I'd still feel more confident in the results of a Monte Carlo simulation if I knew each thread was being reseeded in the time it would take to "learn" any patterns from the current seed -- after all, you never know whether your simulation will turn out to depend on subtle patterns in your PRNG and accidentally become a randomness test, especially if you're using evolutionary optimization. I was thinking more along the lines of a "mostly best-efforts" approach to reseeding -- e.g. start non-blocking attempts to reseed at 32KiB of output, but don't block waiting for a seed until 128KiB of output.
start non-blocking attempts to reseed at 32KiB of output, but don't block waiting for a seed until 128KiB of output.
As I wrote above, we do not use "blocking" entropy sources outside of potential initialization checks which usually happen only once during program execution.

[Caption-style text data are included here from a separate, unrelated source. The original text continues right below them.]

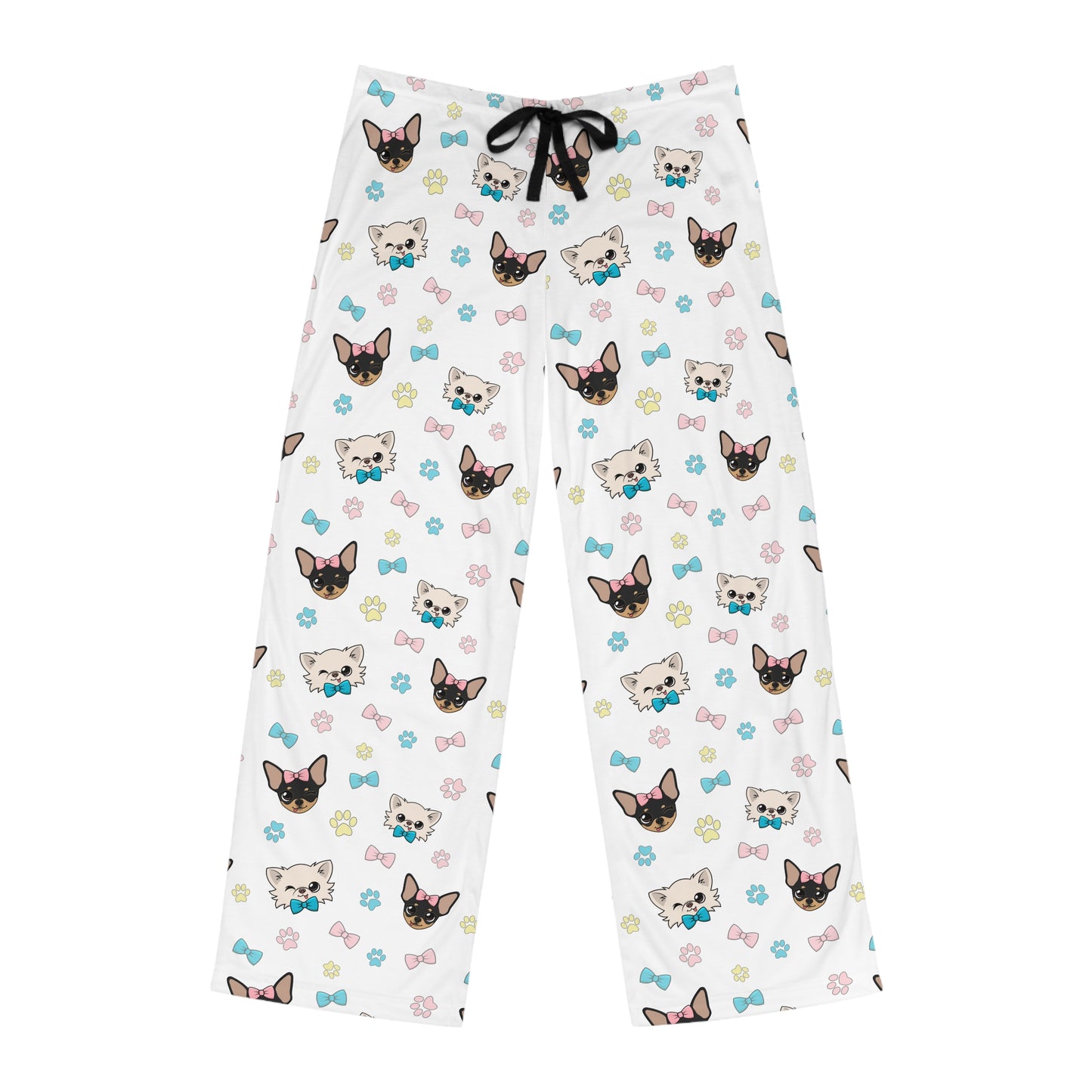 Cedric and Maya Winks & Bows Men’s Pajama Pants – Quiet Company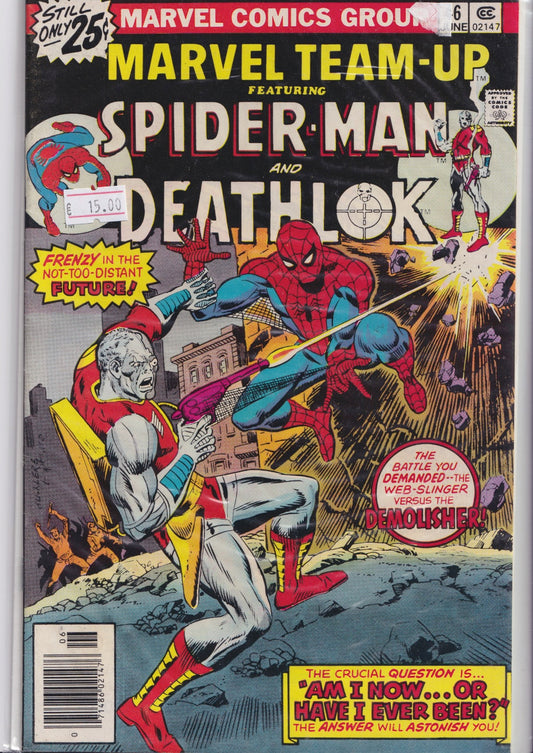 Marvel Team-Up #46 Deathlock (1976) F+ - French Comics Lovers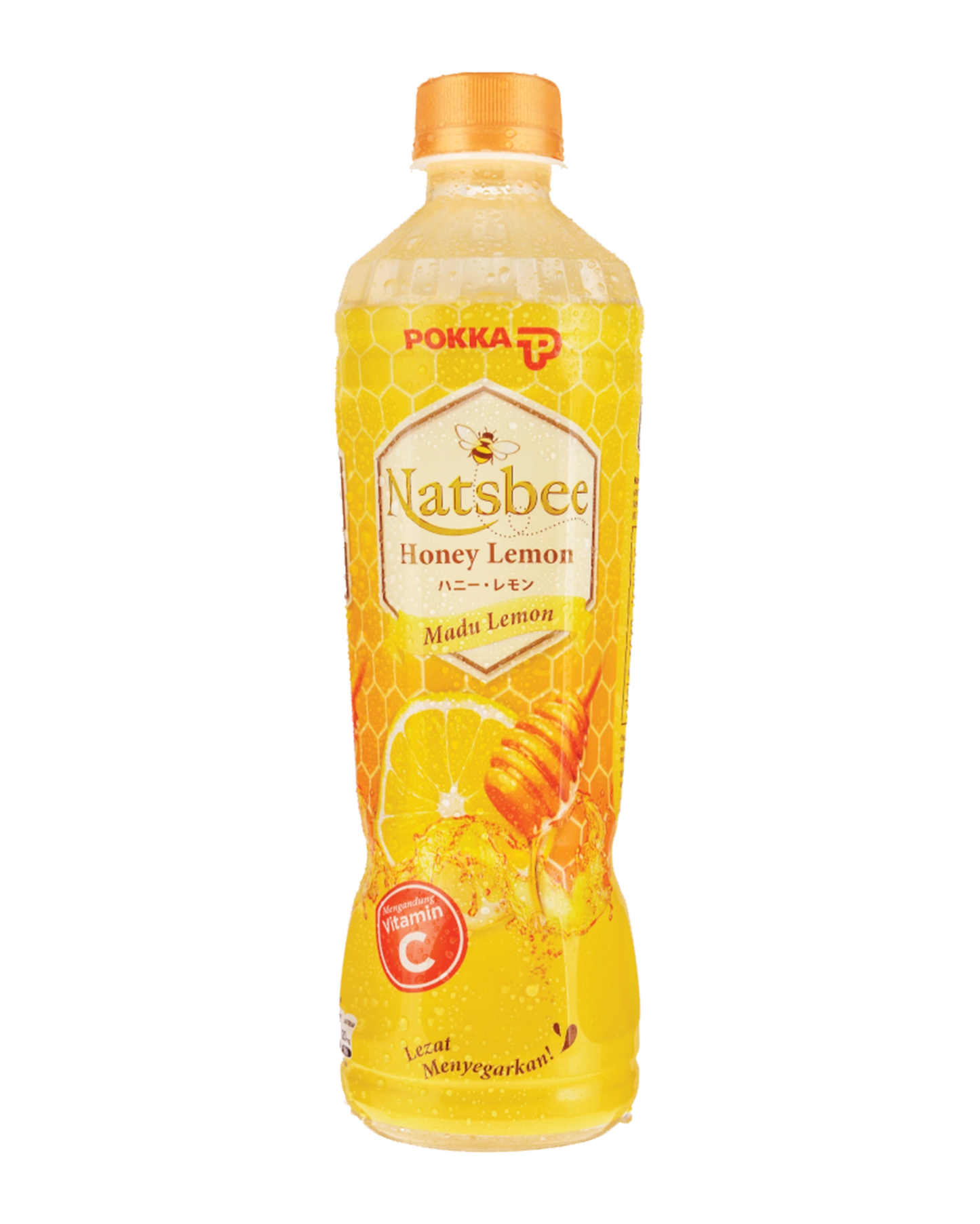 Pokka NastbeeHoney Pet Btl 450mL
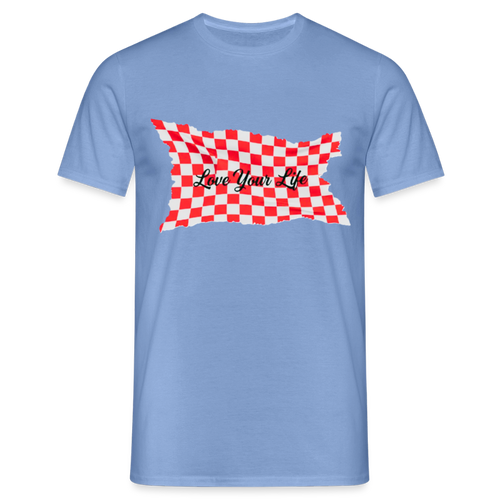 Männer T-Shirt - Carolina Blue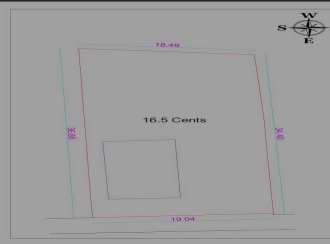 Residential Land for Sale in Trivandrum, Thiruvananthapuram, Muttada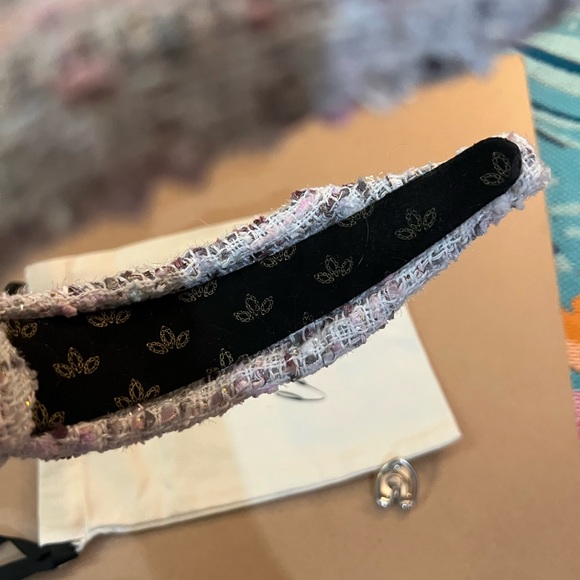 La Bella Shimmer Tweed Headband - Picture 10 of 11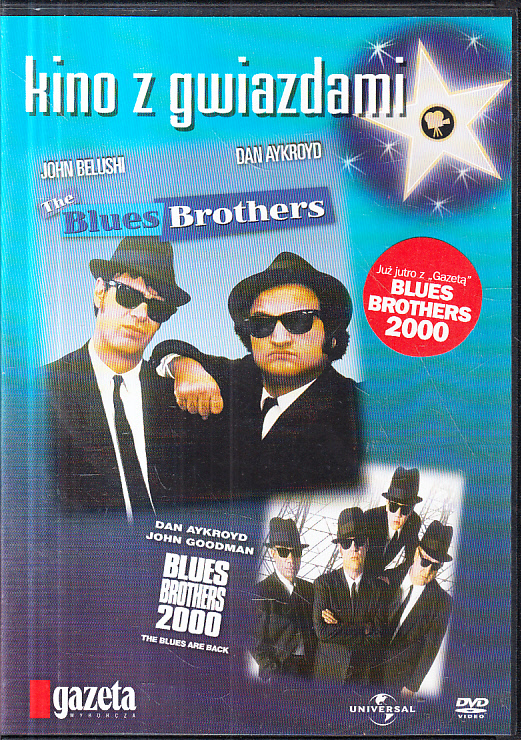 THE BLUES BROTHERS * LANDIS - DVD
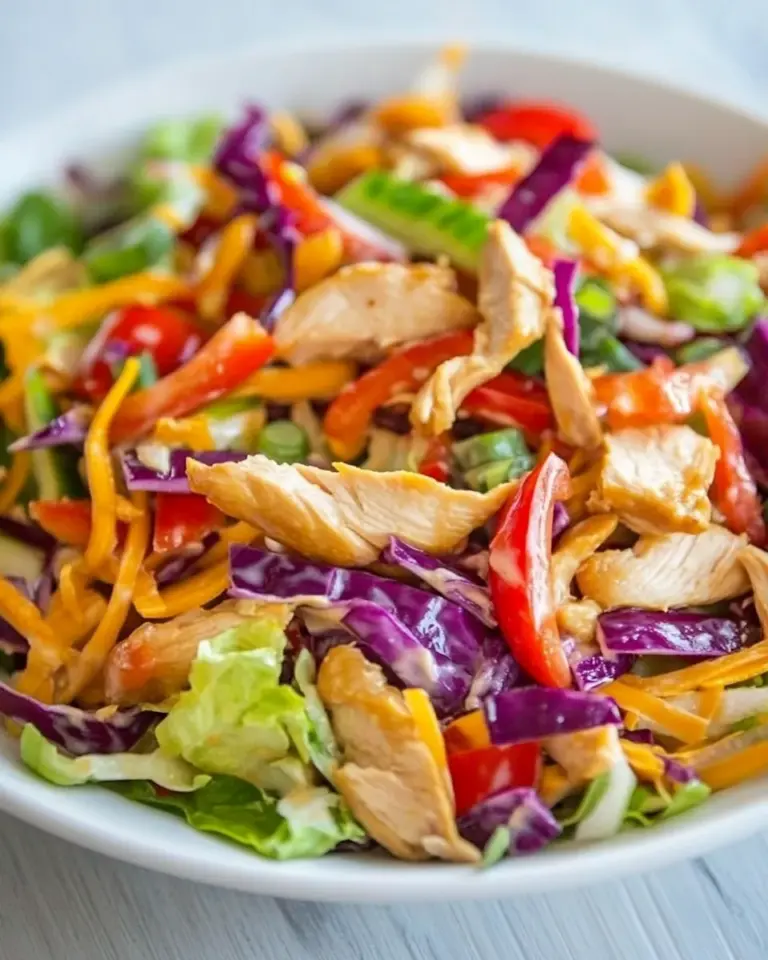 Homemade Chinese Chicken Salad Recipe photo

I don't think this issue is actionable, ThreadRng
is arguably should not be used in the author's use case and a custom solution should be used instead (e.g. fast CSPRNG initialized once or periodically re-seeded fast non-cryptographic PRNG), so I am going to close this issue.
Background
This FR is designed for Monte Carlo simulations.
Feature request
When multiple threads are running instances of the same simulation, it's likely they'll generate pseudorandom numbers at about the same rate. This means that if they use a regularly reseeded PRNG such as
thread_rng()
, they're likely to come up for reseeding at about the same time and therefore block as they contend to access /dev/urandom and it gains a backlog of seed-generating work. To fix this, different threads' PRNGs could be set to output different staggered numbers of bytes (I'd suggest the binary Van der Corput sequence linearly transformed to the 64KiB~128KiB range) before their respective first reseedings. Another option would be to have one dedicated thread that reads seed bytes into a ring buffer, stopping only when the buffer is full, and have each PRNG read seeds from it (although this probably couldn't be both lockless and starvation-free).